Unfortunately, “Advice in Practice” does not mention inequality (or deprivation or disadvantage) at all!
Lets face it this is why access to welfare rights is so important. I sometimes think that national agencies are reluctant to acknowledge that inequalities exists and that addressing these requires what Michael Marmot calls proportionate universalism
As I mentioned in an earlier blog Citizens Advice Sheffield serves people from across the city but we are far more likely to be needed and used by people in poorer communities – we see 20% of households each year in the poorest wards in Sheffield compared to 3% in the wealthiest!
This is an inequality issue – the pressures faced by people on low income plays out in general practice too, there is no recognition of this at all in the report.
As the Deep End report says:
“people who require the greatest medical support experience the greatest difficulty accessing it… this also applies to social and economic advice services where the most vulnerable experience more difficulty accessing services than their more affluent counterparts”
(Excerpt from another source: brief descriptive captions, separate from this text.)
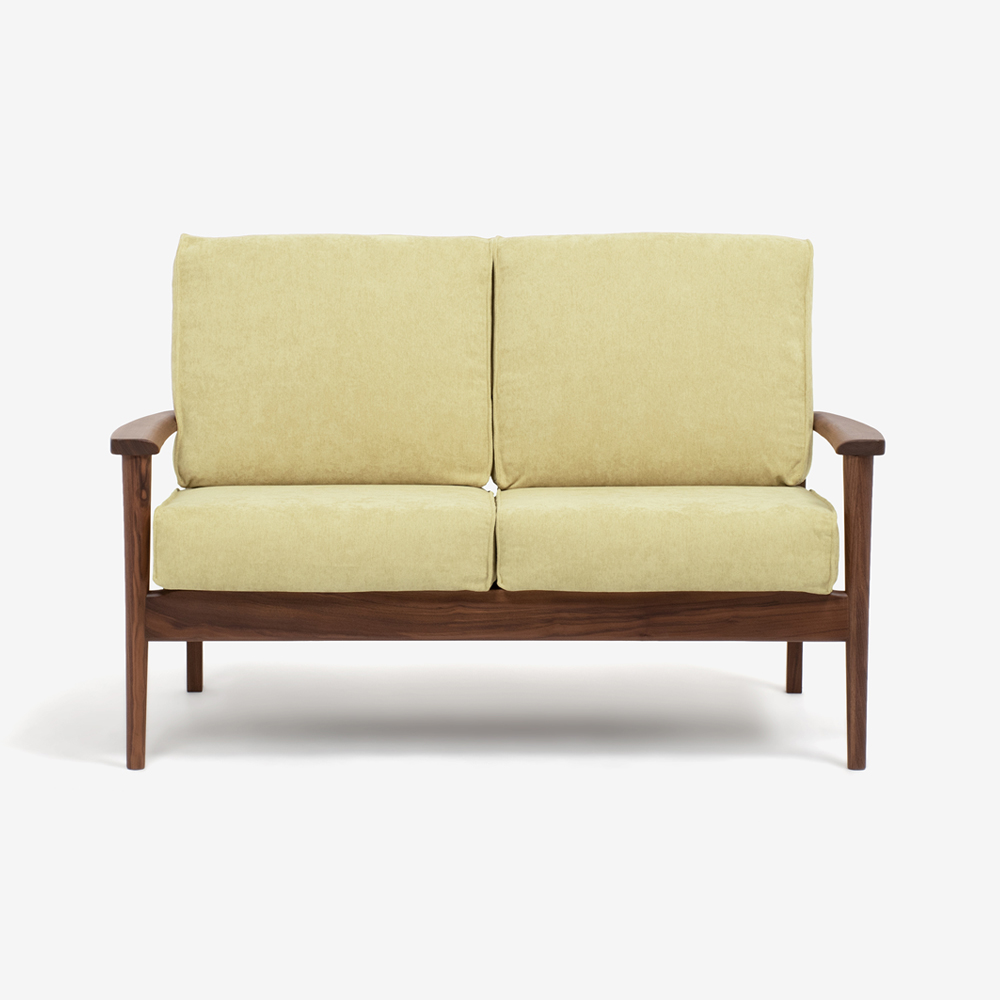 ラブソファ「シネマN2」幅128.5cm ウォールナット材 カバーリング仕様 布全9色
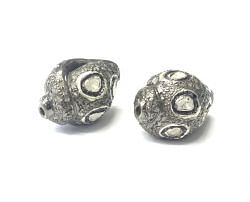 925 Sterling Silver Pave Diamond Beads with Polki Diamond, Conch Shape-21.50x15.00mm, Black/White Rhodium Plating. Sold By 1 Pcs, F-2331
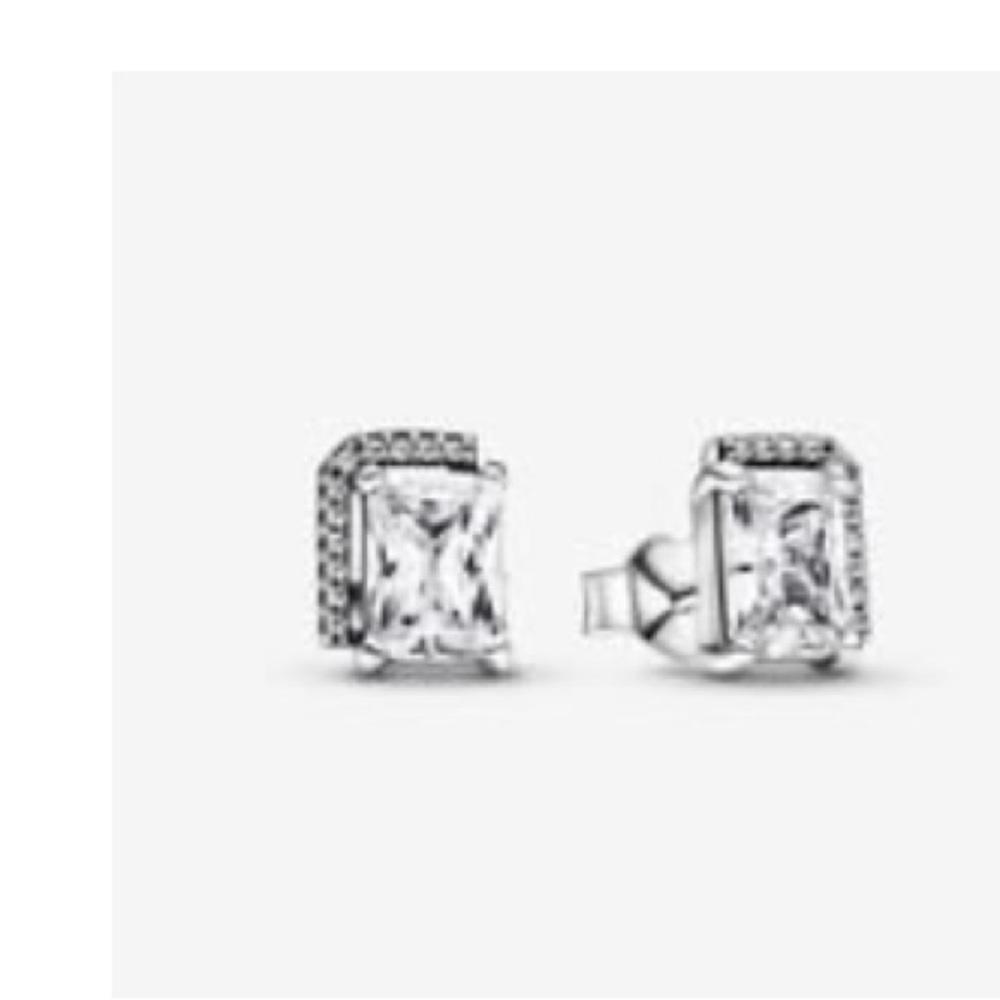 Pandora Rectangular Sparkling Halo Stud Earrings - image 2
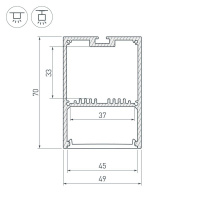 Профиль с экраном Arlight SL-LINE-4970-2500 WHITE+OPAL 036305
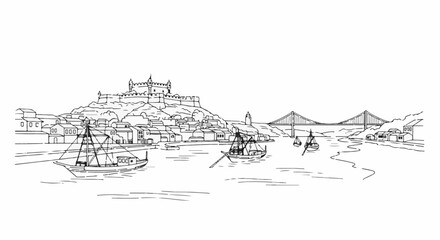 Fototapeta premium Black and white sketch of a harbor with a castle, bridge, and boats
I think that the data in the Citizens Advice/RCGP report must be treated with caution because by giving a country average it masks what a difference in the balance of demand between practices serving wealthier communities and those serving poorer ones. It concludes that non-clinical issues take up 20% of GP time. Anecdotally I am told by Deep End GPs that this proportion is higher in practices serving poorer communities.
“Before this service was introduced (welfare rights), 50% of my workload was taken up by the socioeconomic problems of patients” – GP quoted in SROI and Co-location report.
Contrast this with the Deep End report which explicitly focusses on the relationship between poverty, welfare rights and primary care.
The Deep End service model is an embedded model – more integrated than the “co-located” one described in the Citizens Advice/RCGP report not only are advice workers on site but they have (through informed consent) access to medical records held by the General Practice. They are not only providing a service of direct benefit to patients but also have some evidence that they are reducing GP workloads.
“It is contributing to reduced time spent by GPs on paperwork relating to benefits, it lets us get on with the job we are trained to do”
- we need an explicit focus on inequalities – General Practitioners serving disadvantaged communities are under tremendous pressure this is where the need is greatest, its about time this was recognised by national bodies such as RCGP and Citizens Advice
- Tactically focussing on the most deprived areas makes sense – it gives a clear message to commissioners that a more targeted approach is appropriate and achievable.
- Following on from this I think that there is a growing case to be made for a different service model in disadvantaged communities for general practice which should include welfare rights provision – this will require a change in behaviour by GPs and Welfare rights agencies – the Deep End report is a useful example – particularly with regard to data sharing.
- national bodies need to set out the arguments for how these services should be funded. To date there has been a reliance on individual commissioning champions leading to models that include public health budgets, CCGs and sometimes practices themselves. This is not systematic or sustainable.
What do you think?
With thanks to Dan Hopewell from Bromley Bow and Oonagh Robinson from the University of Glasgow for her advice.